I see three tiers in a game I'd like to play:

Heroic Tier: Typical low-fantasy stuff. At the beginning of it an equal number of humanoids with pointy sticks, no matter how unskilled, or hungry wolves, is a deadly and serious threat. But the end no individual grunt stands a chance against you, but you still can lose if dogpiled. You do not fight anything seriously stronger than the biggest RL predators or their close equivalents. Your adventures are largely local in scale, unless you get involved in some bigger plot or quest by virtue of your birth, circumstances or cleverness. If this does not happen, you can reasonably expect to attain the status of landed nobility or equivalent, due to your prowess alone, by the end if this tier. Available magic is about as powerful as "having a flamethrower good for a couple of shots and maybe some hand grenades" and non-magical characters are supposed to be viable. Levels 1-6 in 3.X terms.


Legendary Tier: High fantasy, in style of later Wheel of Time books, Feist's books, Shannara, Malazan, and so on. Magic bullshit all around! You need some magic and/or anti-magic defences to compete, no exceptions. At the beginning you can scythe through small units single-handedly. By the end armies of even the most elite heroic-tier characters are speedbumps at best for you. Either the entire world widely incorporates magic, or the party can run roughout through it, conquering kingdoms under their own power alone. Encountering fantastical(ly poweful) beings, like dragons or krakens, is the norm. Scale of adventures might stay roughly the same if the entire world is scaled to the legendary tier from the beginning, but more likely you play as and routinely interact with some of the most powerful entities in the setting, so your adventures often concern fate of the world, or its continent-sized parts. By the end of legendary tier you either rule the world or have a major vote in how the world is going to be ruled. Ideally, this should happen at the equivalent of levels 7-14 in 3.X.

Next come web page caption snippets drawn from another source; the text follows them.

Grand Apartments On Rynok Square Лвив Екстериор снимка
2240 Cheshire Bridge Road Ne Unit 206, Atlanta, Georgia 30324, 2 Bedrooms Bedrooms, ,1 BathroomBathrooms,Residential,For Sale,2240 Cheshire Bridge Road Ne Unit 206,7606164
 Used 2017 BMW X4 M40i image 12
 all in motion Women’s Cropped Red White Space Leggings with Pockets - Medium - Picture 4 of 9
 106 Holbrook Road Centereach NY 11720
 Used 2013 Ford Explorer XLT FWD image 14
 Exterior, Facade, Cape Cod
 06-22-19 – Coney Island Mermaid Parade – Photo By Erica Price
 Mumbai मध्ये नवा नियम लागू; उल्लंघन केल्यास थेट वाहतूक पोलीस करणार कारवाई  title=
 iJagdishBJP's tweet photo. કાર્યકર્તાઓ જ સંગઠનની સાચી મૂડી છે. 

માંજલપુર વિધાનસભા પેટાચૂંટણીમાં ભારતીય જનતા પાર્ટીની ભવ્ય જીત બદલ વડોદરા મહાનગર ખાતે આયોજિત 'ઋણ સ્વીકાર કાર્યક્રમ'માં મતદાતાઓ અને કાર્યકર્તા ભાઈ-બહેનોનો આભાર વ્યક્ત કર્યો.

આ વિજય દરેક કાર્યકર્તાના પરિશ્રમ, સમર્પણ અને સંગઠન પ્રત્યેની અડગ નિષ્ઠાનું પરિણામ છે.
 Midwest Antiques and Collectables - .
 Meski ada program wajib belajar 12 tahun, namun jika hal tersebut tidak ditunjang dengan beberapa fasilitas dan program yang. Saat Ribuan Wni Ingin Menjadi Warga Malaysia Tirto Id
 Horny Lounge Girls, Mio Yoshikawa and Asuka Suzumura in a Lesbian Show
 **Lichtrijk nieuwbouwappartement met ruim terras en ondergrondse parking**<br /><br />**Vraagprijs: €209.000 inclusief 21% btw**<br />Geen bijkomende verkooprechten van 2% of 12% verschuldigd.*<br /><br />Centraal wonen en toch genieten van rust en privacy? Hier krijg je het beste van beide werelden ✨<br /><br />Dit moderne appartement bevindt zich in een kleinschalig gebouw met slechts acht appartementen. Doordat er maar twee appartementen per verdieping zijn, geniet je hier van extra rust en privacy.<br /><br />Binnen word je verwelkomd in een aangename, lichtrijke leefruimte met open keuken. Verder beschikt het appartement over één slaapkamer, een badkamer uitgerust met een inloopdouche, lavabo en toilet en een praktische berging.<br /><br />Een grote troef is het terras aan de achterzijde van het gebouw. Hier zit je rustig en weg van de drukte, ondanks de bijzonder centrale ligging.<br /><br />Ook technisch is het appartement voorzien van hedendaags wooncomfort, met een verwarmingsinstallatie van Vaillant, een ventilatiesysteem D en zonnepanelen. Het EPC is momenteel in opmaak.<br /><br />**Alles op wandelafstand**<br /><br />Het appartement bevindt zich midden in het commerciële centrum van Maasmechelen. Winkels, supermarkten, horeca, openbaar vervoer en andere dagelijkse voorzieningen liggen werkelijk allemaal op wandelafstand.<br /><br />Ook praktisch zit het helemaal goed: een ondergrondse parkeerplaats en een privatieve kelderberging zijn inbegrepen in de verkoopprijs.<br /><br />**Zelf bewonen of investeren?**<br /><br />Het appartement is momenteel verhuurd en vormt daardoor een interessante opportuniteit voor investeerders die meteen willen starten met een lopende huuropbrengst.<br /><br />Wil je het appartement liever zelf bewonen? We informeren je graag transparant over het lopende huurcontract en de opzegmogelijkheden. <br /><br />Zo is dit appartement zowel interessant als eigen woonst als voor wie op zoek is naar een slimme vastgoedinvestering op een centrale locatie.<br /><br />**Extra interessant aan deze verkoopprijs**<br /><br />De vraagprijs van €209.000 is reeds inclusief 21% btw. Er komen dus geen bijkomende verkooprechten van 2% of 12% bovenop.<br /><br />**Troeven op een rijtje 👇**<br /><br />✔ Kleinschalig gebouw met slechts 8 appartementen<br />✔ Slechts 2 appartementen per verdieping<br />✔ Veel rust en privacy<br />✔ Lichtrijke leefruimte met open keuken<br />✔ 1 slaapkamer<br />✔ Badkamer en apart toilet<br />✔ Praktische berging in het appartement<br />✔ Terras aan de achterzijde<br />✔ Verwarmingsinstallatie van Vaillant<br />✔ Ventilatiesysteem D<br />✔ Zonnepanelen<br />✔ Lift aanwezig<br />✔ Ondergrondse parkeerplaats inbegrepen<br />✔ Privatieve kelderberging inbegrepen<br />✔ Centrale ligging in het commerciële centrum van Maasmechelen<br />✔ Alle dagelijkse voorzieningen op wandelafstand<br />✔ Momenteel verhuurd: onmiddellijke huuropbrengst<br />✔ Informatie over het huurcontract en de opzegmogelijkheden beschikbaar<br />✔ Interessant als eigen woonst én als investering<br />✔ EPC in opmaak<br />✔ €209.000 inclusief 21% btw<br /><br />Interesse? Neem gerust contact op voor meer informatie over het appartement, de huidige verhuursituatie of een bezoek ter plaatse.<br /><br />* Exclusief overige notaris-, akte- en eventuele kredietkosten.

Epic Tier: Cosmic supers, Dragonball and a couple of other mangas, myths like Ramayana. Here you start to play on the level of the strongest beings in existence, like gods and demon kings. You're not their better, probably, at least until the very end, but you're definitely their rival. Your routine encounters at this stage can easily lay waste to lower-tier civilizations, and your major foes can scour planets of life at the very least. The entire cosmos is your battleground, and you can strive to invoke cosmic changes without feeling presumptious. This tier should have a huge "don't enter unless you want PCs to cause major setting changes at will" sticker attached to it. And include powers that actually warrant it. Levels 15-20.
Last edited by FatR on Wed Feb 15, 2012 8:20 pm, edited 1 time in total.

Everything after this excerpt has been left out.